Democracy is a consequence of economic development. Once states reach a certain level of per capita income (sometimes called the "takeoff" point by economists), the power of kings and queens gives way to the triumph of the bourgeoisie and, eventually, the proletariat.

However, as the franchise expands in such a fashion, the goal of political action is altered--whereas the voting efforts of the propertied classes in incipient democracies were directed primarily toward limiting taxation imposed by the crown ("no taxation without representation"), with more developed, inclusive democracy comes demands for government benefits to be paid for by those with greater wealth and property.

Hence, the creation of the modern welfare state as we know it, based on the principle of redistribution of wealth from those who have more of it to those who have less. Although initially guided to some extent by compassion and noblesse oblige, such systems ultimately become means by which the have-nots expropriate the wealth of the haves by voting themselves benefits.

The incentive structures influencing elected officials are also altered by such arrangements: Whereas in earlier periods there were sufficient incentives to protect the consequences of what James Madison called the "unequal faculties of acquiring property," with the welfare state comes a bidding process in which those promising the most benefits receive the most votes.

Under modern welfare-state democracy, candidates less willing to redistribute wealth out of a sense of fiscal responsibility are placed at an electoral disadvantage in relation to those more willing to spend other people's money, deficit and debt be damned.

It has come to be an immutable law of politics that welfare states, once established, inexorably expand, with the generosity and array of benefits increasing in tandem with the proportion of the electorate receiving and becoming dependent upon them. The ratio between those contributing and those taking out gradually shifts in favor of the latter and against the former, with decisive electoral consequences.

Such tendencies are even more irresistible because disguised in the language of social justice, rights, and entitlements (as if there can ever be anything just about subsisting off other people's labor or one can actually be entitled to unearned income). The bribing of the electorate is thereby concealed by lofty rhetoric, with the attendant corruption of both language and politics.

An ironic sequence thus develops, wherein economic development leads to mass democracy and expansive welfare states, but those same welfare states, as they continue to grow and pile up debt, undermine the affluence upon which both welfare-state arrangements and democracy depend. The end-point of the sequence--fiscal collapse of the kind Greece is now experiencing--guarantees a harsher form of poverty because it wipes out not just jobs and wealth but the welfare state as well.

Political scientists long ago established a relationship between economic and political development (defined as liberal democracy), but are perhaps only now, with the spectacle of Greece before us and others likely to follow, beginning to explore the factors causing the decay of prosperous democracies, at the heart of which lies the deficits and debt caused by unbridled entitlement growth.

A corollary to the idea that mass democracy fosters fiscally ruinous welfare states might be that the longer the welfare state exists, the more difficult to reverse course and reform it. As the Greek referendum indicates, proposals for even modest cuts in such spending and benefits, however necessary, entail great electoral risk.

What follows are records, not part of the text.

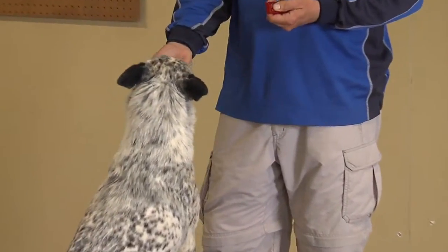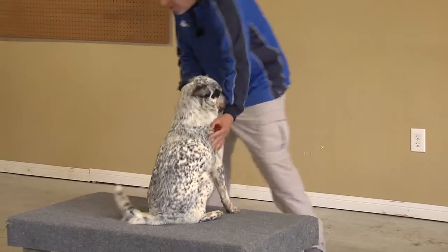The act of targeting is really teaching the dog to perform a behavior away from the reward, whether it's with a toy or with its food.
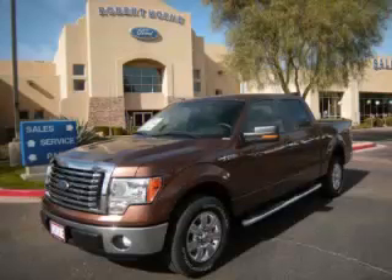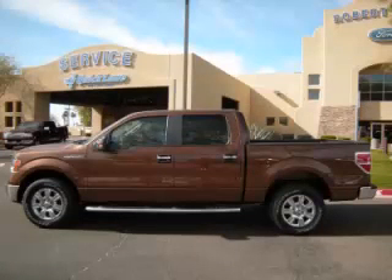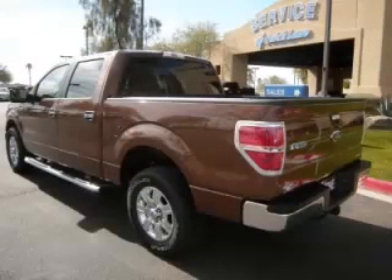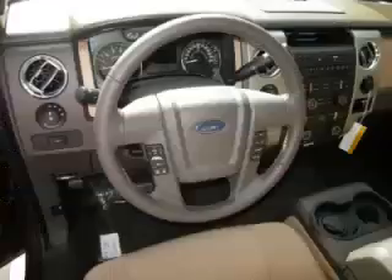This is a 2012 Ford F-150 XLT, complete with a 5.0L V8 engine. Top features include overhead console, adjustable pedals, tinted windows, traction control, and center console.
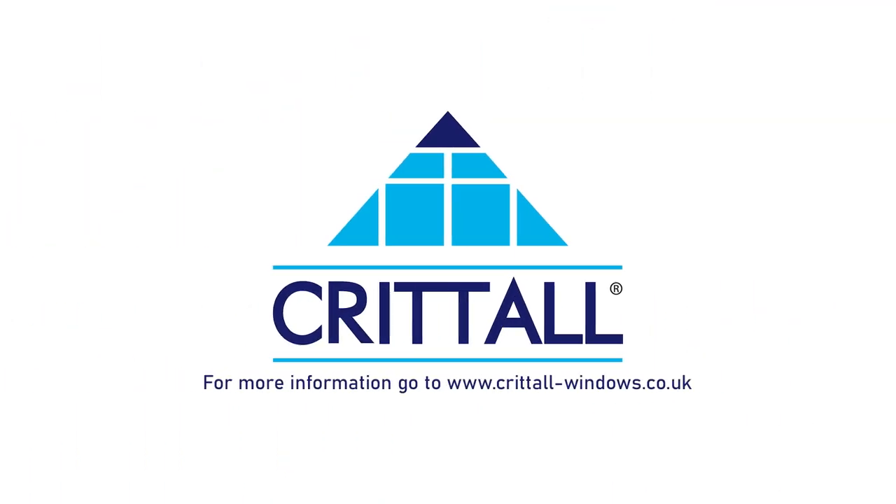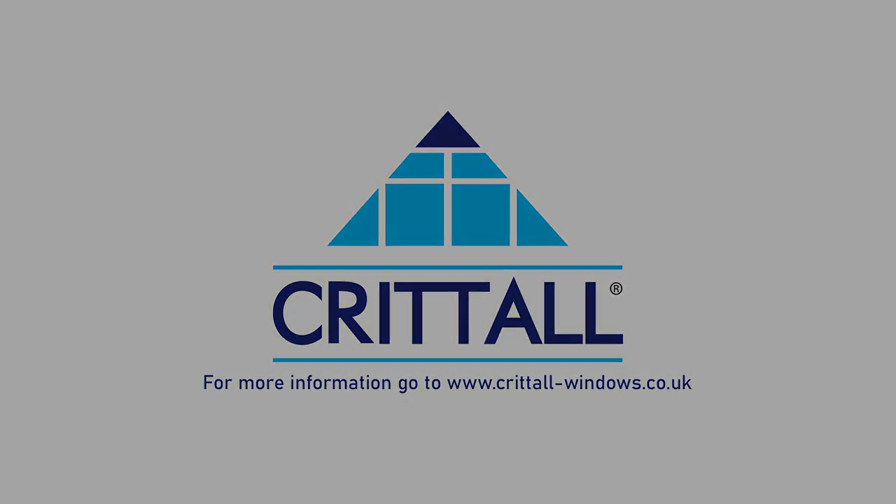For more information about Crittle windows, please go to www.crittle-windows.co.uk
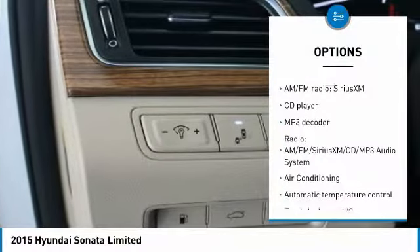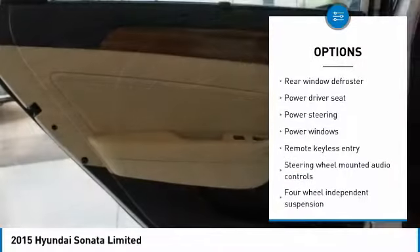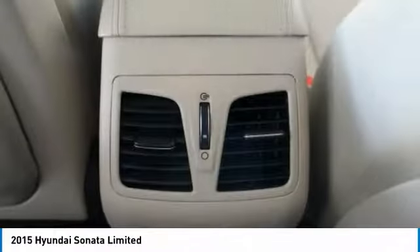Traction control, dual airbags, air conditioning, power steering, four-wheel disc brakes, electronic stability control, power windows, security system, rear window defroster, CD player. Come take a test drive today.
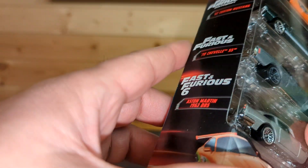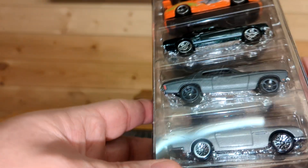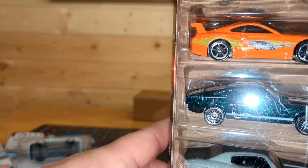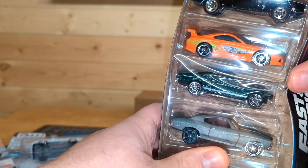The '70 Chevelle — I don't know, it says Fast and Furious; I think that might be from the original. And Fast and Furious 6 I don't really remember. Anyway, let's open this one up and take a look at these cars.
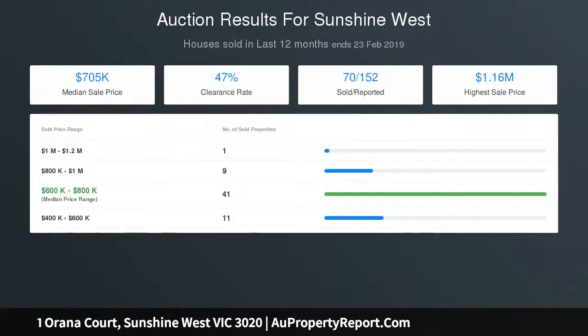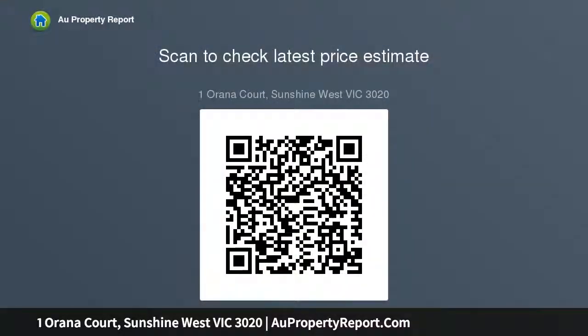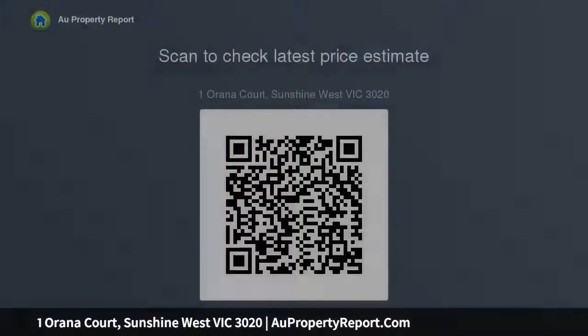Additional features include split-system air conditioning, ducted heating, geared garage with remote-control roller door, workshop, one-bed sleep-out with second kitchen and second toilet, ample off-street parking behind very secured fencing, two extra garden sheds and a fantastic easy-to-maintain veggie garden. All is just fine.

Not every post-industrial democracy has reached the dismal financial and infantile electoral condition of Greece, but almost all, including America, are headed in the same direction, guided by the same impulses.

Reality is harsh, and there will always be excuses for looking the other way, especially when, deep down, we know the problem looks back at us from the mirror.

So there will still be fantasists among us claiming that there is no cause for alarm, and who will argue that the best way to solve problems caused by spending too much money is to spend even more. As if the way to get out of a deep hole is to dig faster.

While the Greeks reject the consequences of their own irresponsibility and thereby hasten and make harsher their rendezvous with reality, in this country socialist Bernie Sanders, whose political program is largely indistinguishable from that which brought Greece to ruin, attracts massive crowds and becomes the darling of liberals (who always insist they're not socialists).

Go figure.

Freelance columnist Bradley R. Gitz, who lives and teaches in Batesville, received his Ph.D. in political science from the University of Illinois.